Search code examples
apache-sparkdataframeapache-spark-sqlsql-timestamp

Getting weekly and daily averages of timestamp data


I currently have data on a Spark data frame that is formatted as such:

Timestamp    Number
.........    ......
M-D-Y        3
M-D-Y        4900

The timestamp data is in no way uniform or consistent (i.e., I could have one value that is present on March 1, 2015, and the next value in the table be for the date September 1, 2015 ... also, I could have multiple entries per date).
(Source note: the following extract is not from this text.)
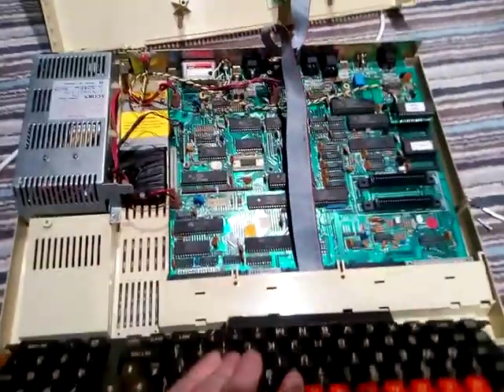Yeah, thank you to the people who suggested the mod, because I've gone and done it. Hopefully it works.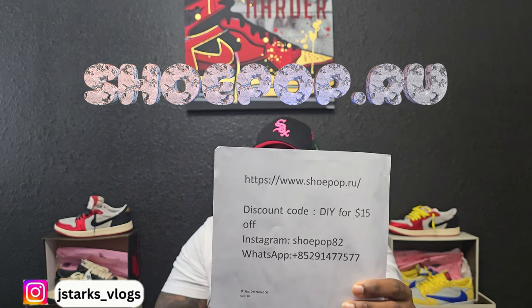This shoe today came from my good people over at Shoe Pop. That's gonna be their website, Instagram, and WhatsApp. Use my code DIY to save yourself 15% off your entire purchase if you decide to shop. Even if you just decide to go look at the channel, you got the information right there and it will be in the description below.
So I wanted to do two things

  1. Calculate the number of entries per week. So I would essentially want a new table that represented the number of rows in which the timestamp column was in the week that the row corresponded to. If there are multiple years present, I would ideally want to average the values per each year to get a single value.
  2. Average the number column for each week. So for every week of the year, I would have a value that represents the average of the number column (0 if there is no entry within that week).

Solution

  • Parsing date is relatively easy using built-in functions by combining unix_timestamp and simple type casting:

    sqlContext.sql(
      "SELECT CAST(UNIX_TIMESTAMP('March 1, 2015', 'MMM d, yyyy') AS TIMESTAMP)"
    ).show(false)
    
    // +---------------------+
    // |_c0                  |
    // +---------------------+
    // |2015-03-01 00:00:00.0|
    // +---------------------+
    

    With DataFrame DSL equivalent code would be something like this:

    import org.apache.spark.sql.functions.unix_timestamp
    
    unix_timestamp($"date", "MMM d, yyyy").cast("timestamp")
    

    To fill missing entries you can use different tricks. The simplest approach is to use the same parsing logic as above. First let's create a few helpers:

    def leap(year: Int) = {
      ((year % 4 == 0) && (year % 100 != 0)) || (year % 400 == 0)
    }
    def weeksForYear(year: Int) = (1 to 52).map(w => s"$year $w")
    def daysForYear(year: Int) = (1 to { if(leap(2000)) 366 else 366 }).map(
      d => s"$year $d"
    )
    

    and example reference data (here for weeks but you can do the same thing for days):

    import org.apache.spark.sql.functions.{year, weekofyear}'
    
    val exprs = Seq(year($"date").alias("year"), weekofyear($"date").alias("week"))
    
    val weeks2015 = Seq(2015)
      .flatMap(weeksForYear _)
      .map(Tuple1.apply)
      .toDF("date")
      .withColumn("date", unix_timestamp($"date", "yyyy w").cast("timestamp"))
      .select(exprs: _*)
    

    Finally you can transform the original data:

    val df = Seq(
      ("March 1, 2015", 3), ("September 1, 2015", 4900)).toDF("Timestamp", "Number")
    
    val dfParsed = df
      .withColumn("date", unix_timestamp($"timestamp", "MMM d, yyyy").cast("timestamp"))
      .select(exprs :+ $"Number": _*)
    

    merge and aggregate:

    weeks2015.join(dfParsed, Seq("year", "week"), "left")
      .groupBy($"year", $"week")
      .agg(count($"Number"), avg($"Number"))
      .na.fill(0)